Author: Michał Kosmulski

Last time we talked about Unicode and its benefits. If you’ve decided you want to reap those benefits yourself, here’s how to convert a Linux system from another encoding system to Unicode.

First of all, check whether you’re already using a Unicode locale. The command locale prints out the values of environmental variables that influence the locale settings. A complete description of their meanings is available in locale man pages. Usually, locale names consist of a lowercase language code followed by an underscore and an uppercase country code (e.g. en_US for U.S. English). Unicode locale names that use UTF-8 encoding additionally end with “.UTF-8.” If such names are present in the output of locale, you are already using a Unicode locale.

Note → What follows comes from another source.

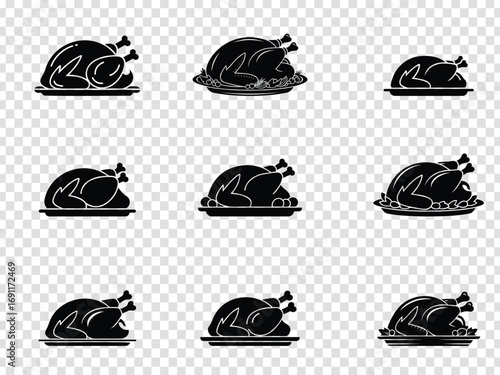whole roasted turkey, whole roasted chicken, whole roasted duck, detailed illustration, black and white, highly detailed, photorealistic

If you do need to make the conversion, back up all your important data first, as you’ll be converting your disk’s filesystems. Note that backups made prior to converting the filesystem and thereafter are somewhat incompatible. As we noted last time, the operating system and many utilities do not realize what characters the bytes in file names represent. Among the utilities with this problem is the tar program, which is a popular backup tool. If you are using an en_US locale now and some filename contains the character “ä” (German A umlaut), it is represented as a single byte: hex 0xE4. After you move to UTF-8, it will be represented as two bytes: 0xC3 0xA4. However, neither the filesystem nor tar know that these two different byte sequences can represent the same character. If you restore your old file from backup after moving to a UTF-8 locale, the old one-byte sequence will be used in the restored file’s name, making it different from the new version’s name. Under a UTF-8 locale, this single byte won’t be considered “ä” but rather an invalid UTF-8 sequence, and will be displayed as a placeholder or as an octal representation of the erroneous byte only. So if you restore data from older backups or archives after you move to UTF-8, you may need to run a filename conversion similar to the one we’ll describe below on the extracted files in order to get the filenames correct.

To be able to use UTF-8 locales without having to invest too much work in it, you will need glibc (GNU C library) version 2.2 or newer (any reasonably modern distro should have it). You can check your version by running /lib/libc.so.6.

The following paragraphs give a step-by-step description of how to perform the conversion. Most operations described below must be performed as root.

Setting the locale

Certain environment variables tell applications which locale is to be used. Commonly used variables are:

  • LC_ALL — When set, the value of this variable overrides the values of all other LC_* variables.
  • LC_* — These variables control different aspects of the locale. For example, LC_CTYPE controls the way upper- to lowercase conversion takes place, while LC_TIME controls the date and time format. LC_MESSAGES defines the language for application messages. Details can be found in the man page for locale(7).
  • LANG — If LC_ALL is not set, then locale parameters whose corresponding LC_* variables are not set default to the value of LANG.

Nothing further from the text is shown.